## [Your instructions]
Leave every image behind and restate the data word for word.

## [Source material]

★ ★ ★

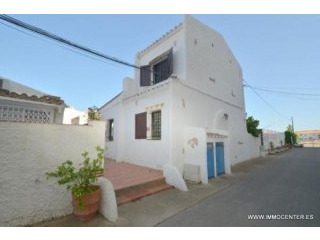 ROSES SANTA MARGARIDA: Nice picturesque..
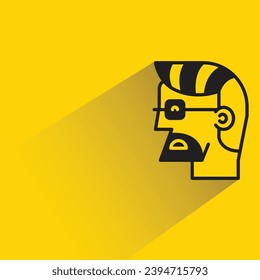 barba hombre con sombra sobre fondo amarillo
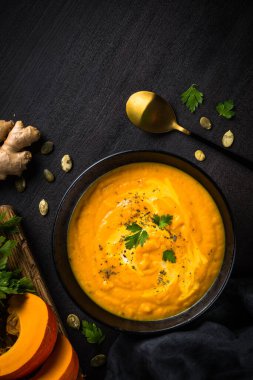 Siyah masada kremalı balkabağı çorbası..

★ ★ ★

## [Result for this exercise]
 ROSES SANTA MARGARIDA: Nice picturesque..
 barba hombre con sombra sobre fondo amarillo
 Siyah masada kremalı balkabağı çorbası..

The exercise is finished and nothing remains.